Generally speaking, if you hold property with your partner or spouse, there’s two ways that title in a property may be held:-

  • as tenants in common (where each of you have a distinct and separate portion of the title, for example a one-half interest each, or a two-thirds/one-third interest respectively); and
  • as joint tenants (where each of you own an entire property together, and you don’t have specific separate interests as such).

If you’re not sure – there’s a quick, easy and relatively inexpensive way to ascertain how your interests are registered on the title of a property, and you should speak with your legal representative about undertaking a title search with the Department of Natural Resources and Mines.

If it is the case that you hold your property interests as joint tenants, in the event either of you were to pass away, then the entire property passes to the other surviving joint tenant (regardless of what you might have said should happen in your will). This can, for obvious reasons, be a cause for significant concern if:-

  • you’re yet to start (or you’re in the midst of) property settlement negotiations; and
  • property settlement proceedings have not been commenced.

If you both already hold your interests in a property as tenants in common, then there is no automatic transfer of your interest in the property to the other owner in the event of death. In fact, you can deal with your specific interest in the property pursuant to your will.

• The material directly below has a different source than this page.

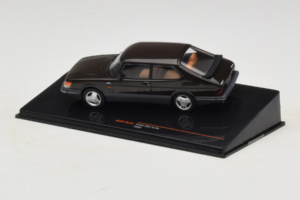Saab 900 Turbo Preto IXO 1:43 CLC577N Metal - imagem 3 de 4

Be conscious though that if your property settlement hasn’t been finalised formally, your former partner or spouse may apply to the Courts to have a portion of your estate in those circumstances.

It’s for these reasons that it is generally preferable to:-

  • change any existing joint tenancy arrangements, to a tenancy in common arrangement as soon as possible following separation; and
  • give priority to the early resolution of your property settlement dispute rather than leaving matters be.